Salle des profs, quelques grappes de collègues.
Ça discute à voix basse.
Je m’approche d’un groupe, la discussion s’interrompt.
Une collègue semble gênée.
— Oh, qu’est-ce qui se passe ?
— Ben, un drôle de truc.
— On peut savoir ? C’est peut être personnel remarque…
À voix basse.
— Non. C’est une élève de 5e, qui a été surprise en train de faire… heu… une felassion
à un gars de sa classe. Mais bon, t’évite d’ébruiter le truc…
— Ben voilà aut’chose ! Qui les a vu ?
— Ben, on sait pas trop. Un aide-éducateur, j’crois.
— Et qu’est-ce qui se passe dans ces cas là ?
Une question bien idiote, comme ci le cas était prévu dans le règlement intérieur.
— D’après ce que je sais, les parents sont convoqués en urgence.
Avec leur accord, les élèves devraient être transférés dans d’autres établissements.
J’pense que dès demain, on les verra plus ici.
— Mais la gamine, elle a été contrainte ?
— Visiblement, elle a dit que non, que c’était son p’tit copain.
— Pas de sanctions ou autre ?
— Non non. Là, c’est la chape de plomb. T’imagine la réputation ?
— Tu sais qu’y pourrait y avoir des suites judiciaires ?
— Non, ça va se régler dans la plus grande discrétion. On peut le comprendre.
— Et c’est qui ces gamins ?
— Tu les a pas j’crois.
— Ah, ou sont passées nos chères petites têtes blondes !
— T’imagine pour les parents…
— J’ose à peine… Et pour le principal, annoncer ça.
— C’est marrant cette gamine, j’aurais pas pensé tu vois…

Moi non plus.
De toute façon, au collège, on respecte les aspirations de chacun.
Mais quand même, on évite de pomper.

Les dessous de table

C’est en fait la seule revendication d’un collégien.
Pouvoir mâcher.
Un ethnologue ou un pédagogue pourrait certainement nous instruire sur cette activité néanderthalienne.
Pour ma part, je suppose qu’à l’immobilité contrainte, l’élève oppose la mastication comme libératrice de l’énergie contenue. Une soupape, en quelque sorte.
Seules les dentitions appareillées, sous prescriptions, en ont l’interdiction formelle.
Il est curieux de les voir se livrer à ce machouillage studieux.
Il s’agit en fait d’un processus de broyage systématique, compulsif et consciencieux.
Son but étant d’extraire les agents de saveur, toujours trop vite dissipés, jusqu’à l’obtention de la matière brute, insipide.
L’objectif atteint, la tension s’atténue, laissant place à un automatisme machouilleur presque classique.
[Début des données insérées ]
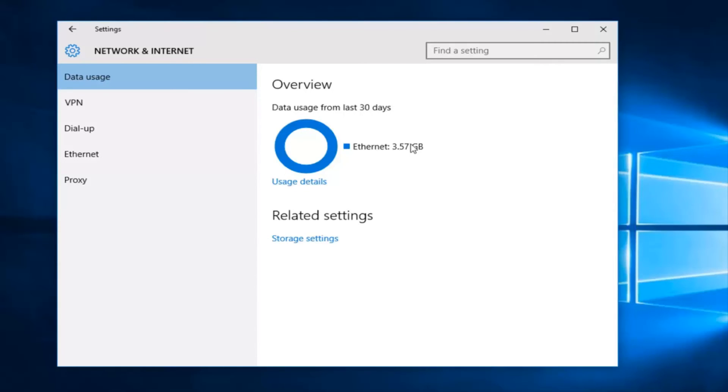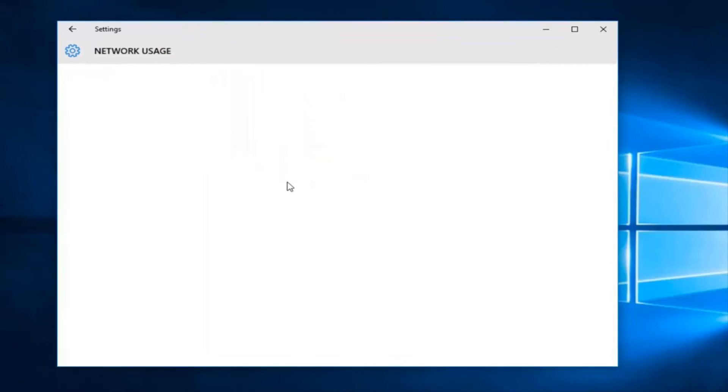So it's very straightforward to see this. If you wanted to see more information, you can left click on Usage Details.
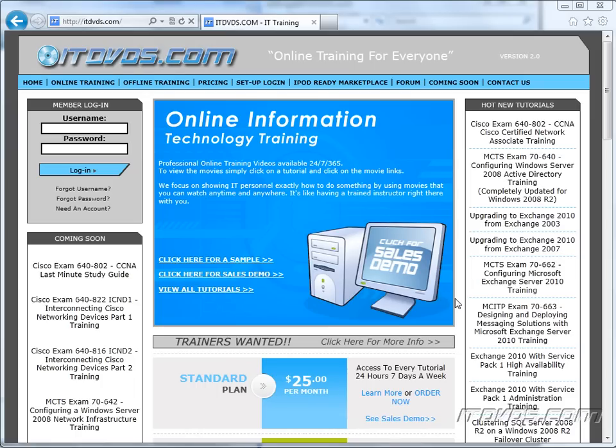Welcome to the ITDVDs.com YouTube channel. This is just a sample of the training available at ITDVDs.com. If you would like to see complete training, please go to ITDVDs.com. Now let's begin the sample.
Mais qu’advient-il du chewing-gum en fin de vie ?
Attardons-nous un instant sur leur destination de prédilection.
À ce stade, une visite sous les tables s’impose.
Suivez le guide.
Là, devant vous, surgissent des cimetières entiers, chaos de couleurs et de formes.
Un monde à l’envers, ignoré de tous, un univers de montagnes et de vallées multicolores, un décor de science-fiction, bariolé, se déroule sous les yeux.
Chaque colline est marquée, signée d’une ultime empreinte, celle du pouce écraseur ou de l’index étaleur.
La datation est bien sur possible, puisque fonction de la dureté.
Mais redressons-nous.

L’addition de multiples gommes dans une même bouche est un vrai défi.
Le volume obtenu provoque une amplitude de mouvement peu commune.
Le décrochage du maxillaire inférieur constitue un risque réel mais visiblement envisagé avec cran.
L’énergie produite est clairement mesurable.
Seulement voilà.
— T’as quoi dans la bouche ?
— Un chewing-gum
— Tu vas jeter ça, s’il te plaît.
— Mais m’sieur, je viens de l’commencer !
— J’veux pas savoir. Va jeter ça.
La mine s’assombrit. La colère n’est pas loin mais reste contenue.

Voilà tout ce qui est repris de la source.